El sistema tributario dominicano, un esquema que ha sido definido como complicado y difícil de administrar, tanto para el Estado como para las empresas, necesita una revisión profunda. Las leyes tributarias, con énfasis en el Código Tributario, necesitan de una profilaxis, pues con los años se han vuelto inmanejables.
Un ejemplo de improvisación al más alto nivel es el impuesto del US$0.02 y US$0.0025 que se pretende aplicar al tráfico de llamadas y mensajes internacionales entrantes. La propuesta es descabellada y no tiene asidero. Las telefónicas han dado su parecer y todo indica que no se quedarán tranquilas.
La Asociación Nacional de Jóvenes Empresarios (ANJE) tiene una visión bien definida al respecto. Su posición gira en torno a que toda reforma por parte del Estado tendente a identificar nuevas fuentes de financiamiento de proyectos que imponga cualquier tipo de tributo debe evaluarse en el marco de un pacto fiscal.
Su posición, dicho sea de paso, es en rechazo al proyecto de Ley del Sistema Nacional de Atención a Emergencias y Seguridad, aprobado en segunda lectura por la Cámara de Diputados, que busca establecer un tributo sobre las llamadas de voz y a cada mini mensaje de texto SMS entrantes al país para financiar el 9-1-1. La entidad empresarial entiende que esos fondos pueden identificarse fuera de un “parche fiscal” y así fortalecer este importante proyecto para la seguridad ciudadana.
En esta edición se plantea, un reportaje sobre las bancas de lotería y la cantidad de recursos que pueden recaudarse sólo con aplicar la Ley 139-11. Para el gremio empresarial es de alta preocupación cualquier propuesta recaudatoria que se limite a la creación de nuevos tributos, pues buscan aumentar la carga impositiva de manera distorsionante a ciertos sectores en términos de eficiencia y equidad.
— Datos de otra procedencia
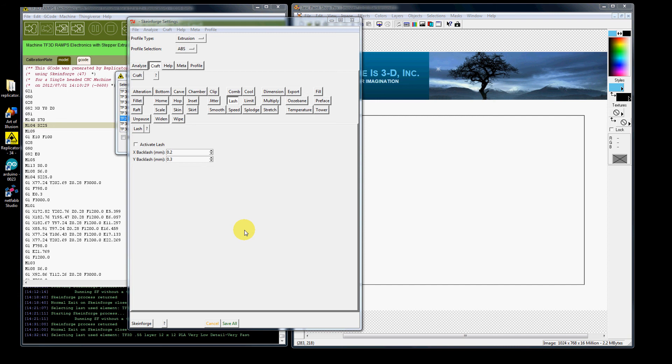If you do not, your circles will be ovals and your infill to your perimeter will not touch. You might have a gap in there.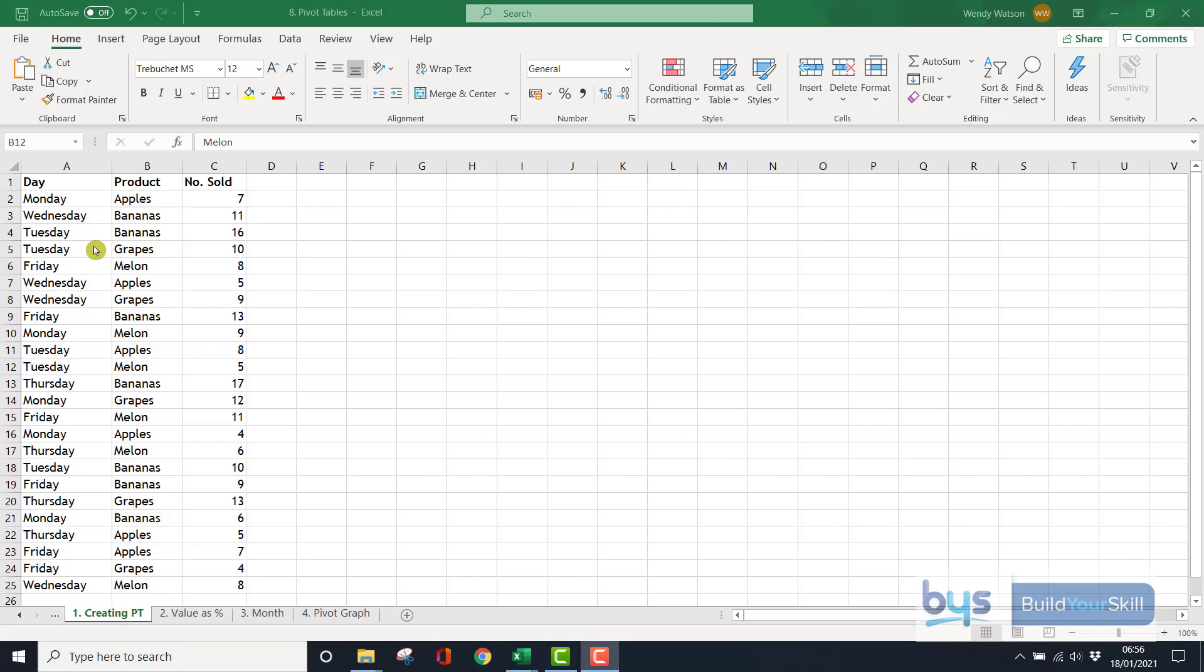Let's look at pivot tables. Now pivot tables, and the word pivot actually is to turn or to rotate, and all you're doing with pivot tables is rearranging information you already have in a spreadsheet.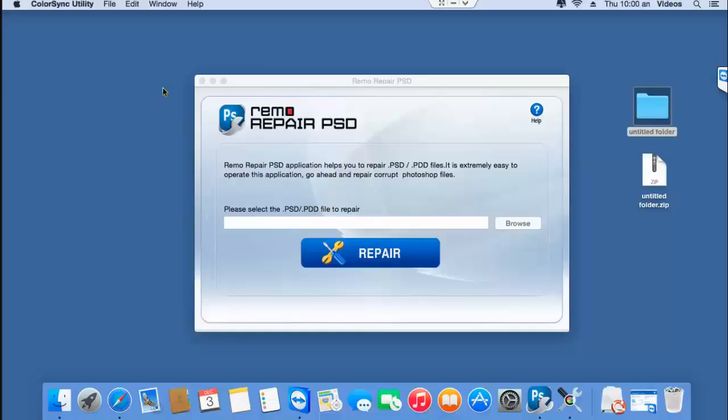I hope this video helped you in repairing your accidentally corrupted PSD files on macOS. If you did like this video then hit the like button or subscribe to my channel to watch more of my videos. Thanks a lot for watching.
“El Estado debe abocarse a la discusión de un pacto fiscal integral que disponga la visión país sobre el desarrollo económico esperado y la dinamización de los sectores que deberían ser fomentados por su retribución a la economía y capacidad de generar empleos de calidad, donde se revisen tanto los gastos como los ingresos para el financiamiento de proyectos y políticas públicas”, expresó Rault Grullón, presidente de ANJE. Y así lo esperamos.